[At the end of the outline, there is a title - "L'État et la famille" - unrelated to the rest of the text.]
La morale civique est celle qui détermine les devoirs qu'ont entre eux les individus dont la réunion forme une nation. La morale civique suppose donc l'existence d'une société d'hommes réunis par des liens particuliers.
De même que nous avons cherché la raison d'être de la famille, examinons quel est le fondement de la société. Suivant certains philosophes, elle serait un état contre nature. L'isolement et la solitude seraient l'état normal de l'homme. Il n'en sortirait que par des moyens artificiels que les théoriciens en question décrivent de diverses manières. Suivant Hobbes ce serait la force matérielle qui contraindrait les hommes à la société. Pour Bossuet, c'est grâce à une autorité divine communiquée à certains hommes par une sorte de révélation que les hommes quitteront l'état sauvage et formeront une nation. Enfin, selon Rousseau les hommes se sont entendus pour remettre au plus intelligent d'entre eux le soin de leur destinée commune.
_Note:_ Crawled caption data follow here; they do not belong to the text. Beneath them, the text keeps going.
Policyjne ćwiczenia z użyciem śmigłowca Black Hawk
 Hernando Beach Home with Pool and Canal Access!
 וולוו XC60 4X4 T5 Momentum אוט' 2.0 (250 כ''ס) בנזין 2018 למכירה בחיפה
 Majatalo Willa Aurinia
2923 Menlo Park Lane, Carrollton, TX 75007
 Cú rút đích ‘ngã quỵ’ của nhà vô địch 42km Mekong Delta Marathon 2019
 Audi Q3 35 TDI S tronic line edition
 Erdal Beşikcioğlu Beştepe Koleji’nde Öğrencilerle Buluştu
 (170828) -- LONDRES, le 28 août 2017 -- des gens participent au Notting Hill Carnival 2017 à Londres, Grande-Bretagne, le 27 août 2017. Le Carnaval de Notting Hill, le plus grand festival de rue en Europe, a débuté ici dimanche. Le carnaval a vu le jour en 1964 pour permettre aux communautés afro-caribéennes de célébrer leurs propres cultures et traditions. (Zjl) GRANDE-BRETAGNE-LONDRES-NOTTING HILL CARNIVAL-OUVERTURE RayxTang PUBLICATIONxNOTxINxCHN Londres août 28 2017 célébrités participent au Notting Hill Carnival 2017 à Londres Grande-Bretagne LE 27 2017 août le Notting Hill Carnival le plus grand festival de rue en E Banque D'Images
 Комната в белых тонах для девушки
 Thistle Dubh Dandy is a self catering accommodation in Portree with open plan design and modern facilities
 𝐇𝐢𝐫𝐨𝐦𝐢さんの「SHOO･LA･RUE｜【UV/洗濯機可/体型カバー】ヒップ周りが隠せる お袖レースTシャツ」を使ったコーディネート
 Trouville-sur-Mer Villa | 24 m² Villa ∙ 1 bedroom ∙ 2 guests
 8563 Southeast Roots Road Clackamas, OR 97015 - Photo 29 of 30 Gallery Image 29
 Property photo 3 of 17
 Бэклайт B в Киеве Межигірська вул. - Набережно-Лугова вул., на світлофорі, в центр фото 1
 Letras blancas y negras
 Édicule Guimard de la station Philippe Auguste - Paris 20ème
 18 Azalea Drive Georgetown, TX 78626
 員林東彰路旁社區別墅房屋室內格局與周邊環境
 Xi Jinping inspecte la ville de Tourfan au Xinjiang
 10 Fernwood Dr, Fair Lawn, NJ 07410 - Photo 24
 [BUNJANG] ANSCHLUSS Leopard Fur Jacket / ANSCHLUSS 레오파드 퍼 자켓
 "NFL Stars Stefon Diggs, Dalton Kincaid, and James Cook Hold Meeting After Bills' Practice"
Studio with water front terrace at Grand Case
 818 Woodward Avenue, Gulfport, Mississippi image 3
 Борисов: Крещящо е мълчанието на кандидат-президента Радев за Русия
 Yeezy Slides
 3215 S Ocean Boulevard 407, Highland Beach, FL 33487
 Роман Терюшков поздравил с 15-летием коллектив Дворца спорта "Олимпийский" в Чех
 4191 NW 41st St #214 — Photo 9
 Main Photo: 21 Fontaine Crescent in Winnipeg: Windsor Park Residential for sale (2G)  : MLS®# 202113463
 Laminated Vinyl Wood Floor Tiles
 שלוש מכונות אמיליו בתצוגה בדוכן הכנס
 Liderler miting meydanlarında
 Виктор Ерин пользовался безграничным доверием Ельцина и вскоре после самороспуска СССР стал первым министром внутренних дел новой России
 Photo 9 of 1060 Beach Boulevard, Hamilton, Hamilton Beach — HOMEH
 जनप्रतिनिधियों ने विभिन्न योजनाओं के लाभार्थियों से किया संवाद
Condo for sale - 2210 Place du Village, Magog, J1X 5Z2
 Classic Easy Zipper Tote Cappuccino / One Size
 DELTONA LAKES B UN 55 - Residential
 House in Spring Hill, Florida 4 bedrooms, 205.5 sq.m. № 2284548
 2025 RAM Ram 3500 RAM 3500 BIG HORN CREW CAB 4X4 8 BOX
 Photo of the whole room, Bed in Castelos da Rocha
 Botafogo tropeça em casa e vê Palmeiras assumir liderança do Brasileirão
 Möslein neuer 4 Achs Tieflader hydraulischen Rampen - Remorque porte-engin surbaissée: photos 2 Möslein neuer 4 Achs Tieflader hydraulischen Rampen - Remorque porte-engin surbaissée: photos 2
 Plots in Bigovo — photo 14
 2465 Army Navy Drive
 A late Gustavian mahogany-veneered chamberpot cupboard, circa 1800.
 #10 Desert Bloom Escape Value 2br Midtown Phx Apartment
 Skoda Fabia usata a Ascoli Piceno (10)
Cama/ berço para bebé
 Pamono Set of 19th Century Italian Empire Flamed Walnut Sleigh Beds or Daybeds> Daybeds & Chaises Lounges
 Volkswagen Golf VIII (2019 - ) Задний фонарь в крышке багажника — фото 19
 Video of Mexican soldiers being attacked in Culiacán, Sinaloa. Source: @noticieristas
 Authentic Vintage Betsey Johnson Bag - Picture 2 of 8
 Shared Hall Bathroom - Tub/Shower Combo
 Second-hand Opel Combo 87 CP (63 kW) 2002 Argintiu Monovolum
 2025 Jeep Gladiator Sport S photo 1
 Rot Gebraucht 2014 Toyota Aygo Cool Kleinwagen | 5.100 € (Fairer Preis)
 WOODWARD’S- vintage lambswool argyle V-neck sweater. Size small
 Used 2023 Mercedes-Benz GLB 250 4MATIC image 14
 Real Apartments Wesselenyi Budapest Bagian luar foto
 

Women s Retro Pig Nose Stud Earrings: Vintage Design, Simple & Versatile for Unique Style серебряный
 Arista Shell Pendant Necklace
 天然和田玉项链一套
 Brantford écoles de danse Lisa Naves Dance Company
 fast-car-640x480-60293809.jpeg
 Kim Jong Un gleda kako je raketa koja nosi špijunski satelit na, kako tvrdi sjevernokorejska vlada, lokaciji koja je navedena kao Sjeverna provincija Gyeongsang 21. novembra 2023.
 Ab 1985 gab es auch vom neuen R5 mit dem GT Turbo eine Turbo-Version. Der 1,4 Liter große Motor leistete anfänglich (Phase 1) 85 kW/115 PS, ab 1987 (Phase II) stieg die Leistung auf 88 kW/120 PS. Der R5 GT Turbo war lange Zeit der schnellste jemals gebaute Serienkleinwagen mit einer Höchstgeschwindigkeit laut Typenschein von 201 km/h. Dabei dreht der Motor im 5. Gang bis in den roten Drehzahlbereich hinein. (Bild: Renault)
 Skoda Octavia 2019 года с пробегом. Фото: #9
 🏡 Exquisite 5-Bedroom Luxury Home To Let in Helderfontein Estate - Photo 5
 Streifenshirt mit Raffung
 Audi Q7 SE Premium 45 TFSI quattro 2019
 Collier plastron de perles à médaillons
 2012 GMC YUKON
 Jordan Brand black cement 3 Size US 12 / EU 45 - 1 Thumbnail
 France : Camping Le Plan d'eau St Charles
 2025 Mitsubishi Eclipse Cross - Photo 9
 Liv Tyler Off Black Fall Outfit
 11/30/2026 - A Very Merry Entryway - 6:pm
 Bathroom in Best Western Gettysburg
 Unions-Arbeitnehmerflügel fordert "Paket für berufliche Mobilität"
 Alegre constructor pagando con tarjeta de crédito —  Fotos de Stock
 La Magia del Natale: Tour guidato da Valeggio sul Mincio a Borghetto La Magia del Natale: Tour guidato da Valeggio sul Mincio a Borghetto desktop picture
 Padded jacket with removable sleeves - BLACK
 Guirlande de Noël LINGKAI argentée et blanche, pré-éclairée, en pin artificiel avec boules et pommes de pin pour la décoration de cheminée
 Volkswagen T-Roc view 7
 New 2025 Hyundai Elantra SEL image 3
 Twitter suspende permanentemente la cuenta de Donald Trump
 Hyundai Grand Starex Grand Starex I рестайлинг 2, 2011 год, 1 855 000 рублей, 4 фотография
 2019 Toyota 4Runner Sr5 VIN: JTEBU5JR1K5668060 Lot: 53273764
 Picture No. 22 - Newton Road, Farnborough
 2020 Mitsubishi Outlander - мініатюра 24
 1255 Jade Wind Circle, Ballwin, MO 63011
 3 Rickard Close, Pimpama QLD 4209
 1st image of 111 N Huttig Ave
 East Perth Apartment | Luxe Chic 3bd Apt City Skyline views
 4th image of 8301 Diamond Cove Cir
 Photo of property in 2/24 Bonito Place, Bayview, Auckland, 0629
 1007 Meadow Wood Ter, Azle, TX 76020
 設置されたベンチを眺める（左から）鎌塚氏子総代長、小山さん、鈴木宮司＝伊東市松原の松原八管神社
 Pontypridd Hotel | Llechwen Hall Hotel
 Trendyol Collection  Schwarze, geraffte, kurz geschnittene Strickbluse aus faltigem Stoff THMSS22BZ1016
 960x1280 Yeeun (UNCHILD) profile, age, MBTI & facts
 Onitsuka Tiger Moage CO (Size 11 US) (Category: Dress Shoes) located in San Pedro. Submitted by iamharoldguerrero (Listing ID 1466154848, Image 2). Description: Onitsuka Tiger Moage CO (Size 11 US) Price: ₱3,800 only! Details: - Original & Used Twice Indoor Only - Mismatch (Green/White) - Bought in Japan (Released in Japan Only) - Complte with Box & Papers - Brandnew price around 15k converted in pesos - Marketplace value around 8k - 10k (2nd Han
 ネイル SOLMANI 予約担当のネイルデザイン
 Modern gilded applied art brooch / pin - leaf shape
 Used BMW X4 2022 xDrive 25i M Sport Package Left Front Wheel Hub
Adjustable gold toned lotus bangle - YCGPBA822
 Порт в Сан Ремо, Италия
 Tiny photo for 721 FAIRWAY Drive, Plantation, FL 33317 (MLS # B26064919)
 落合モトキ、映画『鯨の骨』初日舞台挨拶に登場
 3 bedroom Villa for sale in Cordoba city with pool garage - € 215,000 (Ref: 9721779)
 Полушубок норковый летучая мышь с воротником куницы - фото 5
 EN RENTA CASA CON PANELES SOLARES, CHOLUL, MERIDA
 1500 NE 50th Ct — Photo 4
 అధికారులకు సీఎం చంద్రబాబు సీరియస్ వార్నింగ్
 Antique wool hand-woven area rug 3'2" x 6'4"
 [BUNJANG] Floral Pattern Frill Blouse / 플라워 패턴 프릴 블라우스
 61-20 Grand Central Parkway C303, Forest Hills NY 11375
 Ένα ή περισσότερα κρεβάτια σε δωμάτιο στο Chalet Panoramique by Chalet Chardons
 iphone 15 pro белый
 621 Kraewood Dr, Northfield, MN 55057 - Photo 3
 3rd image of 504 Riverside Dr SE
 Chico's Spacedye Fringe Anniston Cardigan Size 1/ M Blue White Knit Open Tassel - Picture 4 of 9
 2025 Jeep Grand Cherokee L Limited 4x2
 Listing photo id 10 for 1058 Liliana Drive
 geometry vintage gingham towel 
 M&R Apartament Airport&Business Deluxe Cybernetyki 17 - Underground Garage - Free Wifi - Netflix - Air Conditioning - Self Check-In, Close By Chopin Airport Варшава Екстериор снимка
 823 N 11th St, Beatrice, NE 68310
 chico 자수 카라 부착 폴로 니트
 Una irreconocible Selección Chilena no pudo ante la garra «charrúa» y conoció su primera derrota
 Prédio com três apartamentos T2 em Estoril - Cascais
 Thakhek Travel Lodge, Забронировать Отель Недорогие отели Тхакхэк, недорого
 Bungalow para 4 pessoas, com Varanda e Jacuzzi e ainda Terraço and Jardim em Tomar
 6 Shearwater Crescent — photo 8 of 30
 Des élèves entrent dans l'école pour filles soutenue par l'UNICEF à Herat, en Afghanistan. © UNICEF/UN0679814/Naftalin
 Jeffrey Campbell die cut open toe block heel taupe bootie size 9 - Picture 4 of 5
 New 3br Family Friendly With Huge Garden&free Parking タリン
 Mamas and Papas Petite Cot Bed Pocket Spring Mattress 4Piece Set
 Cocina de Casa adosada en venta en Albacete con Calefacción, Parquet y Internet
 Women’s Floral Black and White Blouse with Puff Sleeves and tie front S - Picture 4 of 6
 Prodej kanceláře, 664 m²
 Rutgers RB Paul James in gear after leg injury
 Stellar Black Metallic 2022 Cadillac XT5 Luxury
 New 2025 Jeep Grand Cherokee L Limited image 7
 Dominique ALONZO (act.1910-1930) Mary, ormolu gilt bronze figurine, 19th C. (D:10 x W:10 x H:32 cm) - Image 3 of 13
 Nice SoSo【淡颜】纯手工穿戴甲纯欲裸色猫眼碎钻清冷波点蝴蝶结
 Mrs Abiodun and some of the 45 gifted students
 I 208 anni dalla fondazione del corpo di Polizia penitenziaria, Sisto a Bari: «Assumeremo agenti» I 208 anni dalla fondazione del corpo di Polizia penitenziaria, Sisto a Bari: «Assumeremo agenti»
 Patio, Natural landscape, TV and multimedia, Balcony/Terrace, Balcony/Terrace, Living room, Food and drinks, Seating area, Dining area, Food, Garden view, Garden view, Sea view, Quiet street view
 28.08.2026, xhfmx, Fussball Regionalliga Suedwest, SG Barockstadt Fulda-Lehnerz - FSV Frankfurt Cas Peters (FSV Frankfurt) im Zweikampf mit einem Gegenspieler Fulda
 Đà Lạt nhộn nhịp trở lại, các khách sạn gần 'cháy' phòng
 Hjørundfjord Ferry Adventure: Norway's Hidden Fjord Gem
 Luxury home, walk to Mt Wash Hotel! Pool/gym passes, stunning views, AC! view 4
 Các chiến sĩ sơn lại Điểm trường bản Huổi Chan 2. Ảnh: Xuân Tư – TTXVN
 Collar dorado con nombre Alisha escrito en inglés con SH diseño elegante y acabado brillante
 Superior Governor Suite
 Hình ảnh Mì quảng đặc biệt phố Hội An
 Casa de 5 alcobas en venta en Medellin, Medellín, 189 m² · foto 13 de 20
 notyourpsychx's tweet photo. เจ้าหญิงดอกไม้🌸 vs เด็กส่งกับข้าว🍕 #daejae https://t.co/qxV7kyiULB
Mais pour tous ces philosophes, la société est un état plus ou moins artificiel. Pour eux, si nous n'écoutions que la voix de la nature, nous resterions dans l'isolement.
En premier lieu, il est contraire aux faits que la société soit artificielle. Cette voix de la nature qu'invoque si souvent Rousseau nous pousse à nous associer. Les sentiments altruistes sont aussi naturels que les sentiments égoïstes. Nous avons le besoin impérieux de ne pas rester seuls, de rechercher nos semblables. La solitude, loin de nous charmer, nous est le plus souvent odieuse.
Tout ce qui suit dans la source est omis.